Based on the obtained data, we concluded that the use of the new PAM1 significantly increased the specificity of the nuclease, despite the decrease in its activity and a narrowing of the target selection window. This, in turn, opens up broad prospects for the development of various LbCas12a-diagnostic systems, particularly, the development of a test system for fast genotyping of mice carrying point mutations and microdeletions. The detection of such mutations using PCR is difficult; therefore, it is necessary to carry out numerous sequencings of the obtained DNA samples and analyze complex chromatograms using special programs. Because LbCas12a directed on PAM1 is sensitive to single mismatch in guide RNA, it can be used not only for genotyping, but also for detecting viral infections in clinical practice.

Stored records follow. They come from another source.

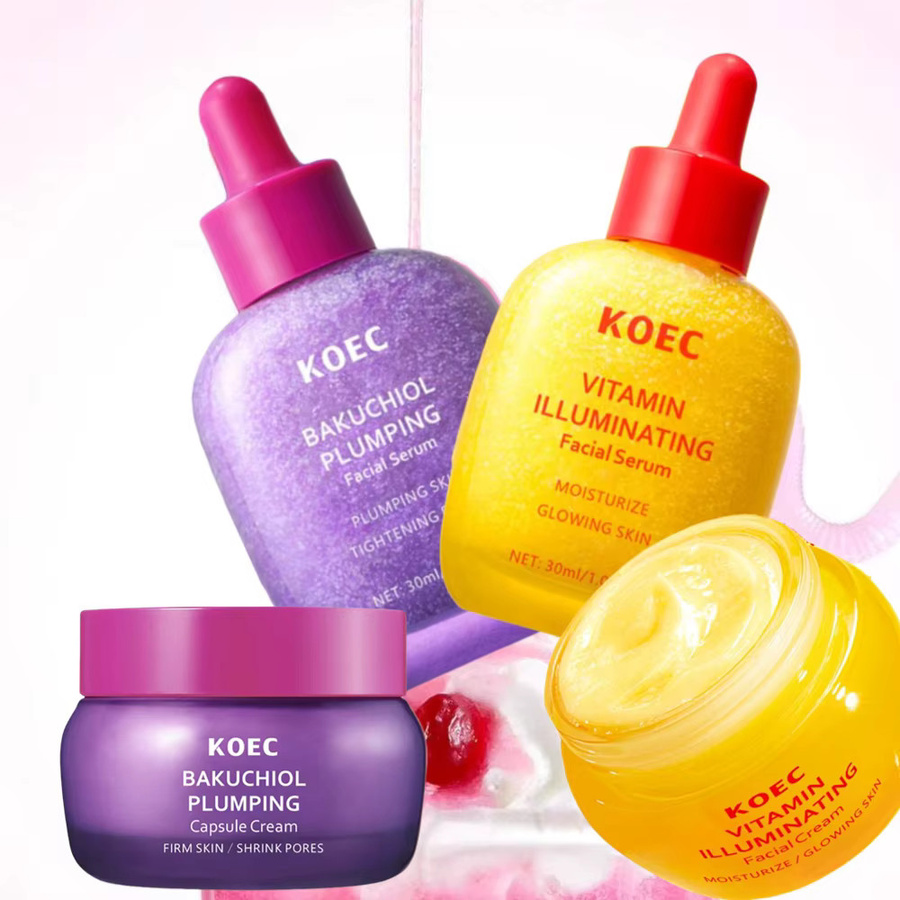 KOEC Gesichtspflege-Set, Serum mit Bakuchiol, Unisex - Bild 2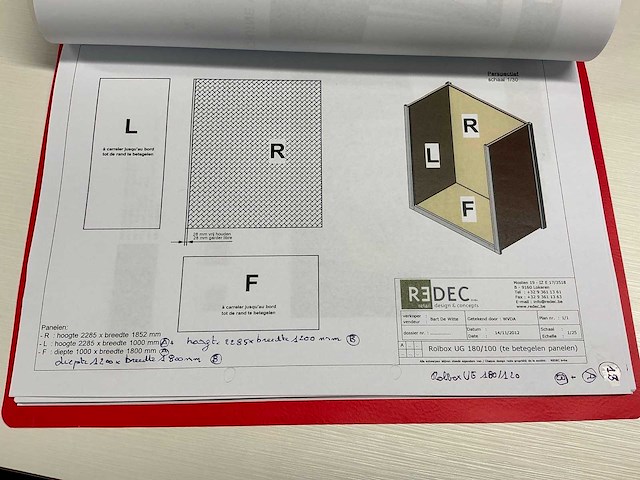 Redec presentatie opstelling - afbeelding 11 van  20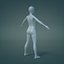 High Poly Female Base Mesh
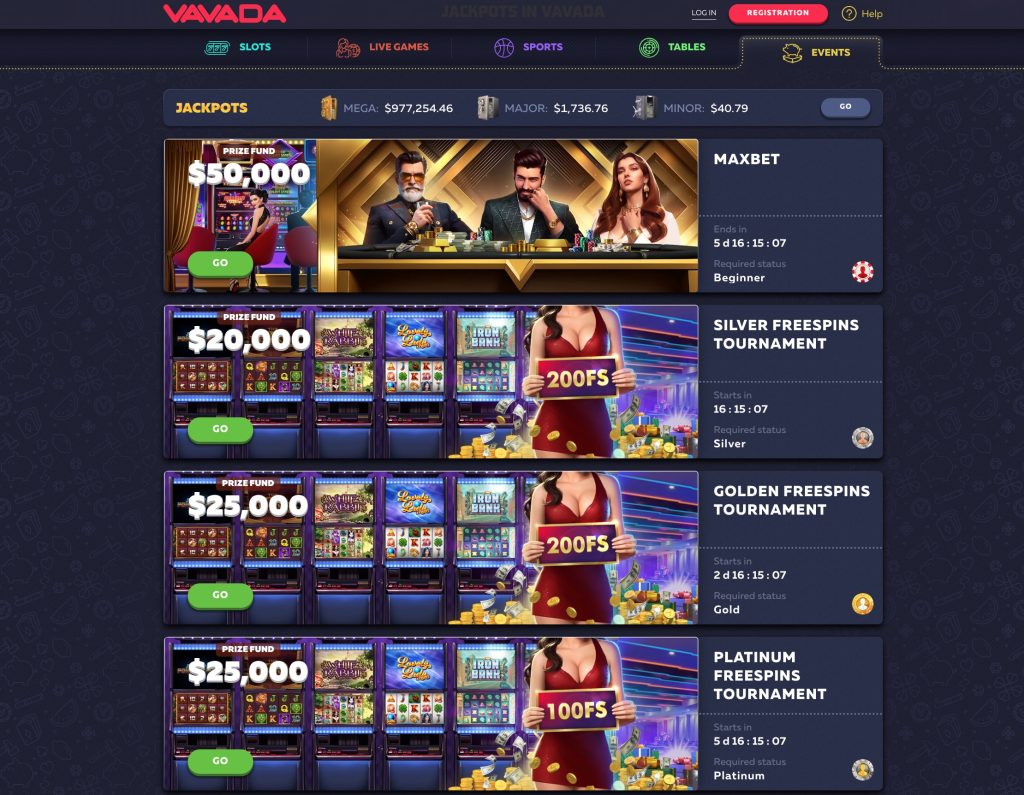 vavada casino Ліцензування та безпека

The collateral activity of the nuclease depends on the length of the quencher (FQ)-labeled reporter, with it being more active on FAM-labeled AT-rich substrates. This is partially consistent with previously reported data by [
19]. Surprisingly, 20-nt reporter was less effective than 12-nt reporter, and ROX-labeled C-rich reporters were less efficient than FAM-labeled T-rich reporters of similar length. Overall, our results establish that high specificity of the LbCas12a directed to the new PAM (TTAA) can be useful for the broadening of genome engineering applications. Our findings have led to a better understanding of Cas12a nuclease activity, which could potentially help in the development of improved diagnostic platforms for both rapid genotyping of genetically modified animal lines and the diagnosis of various diseases.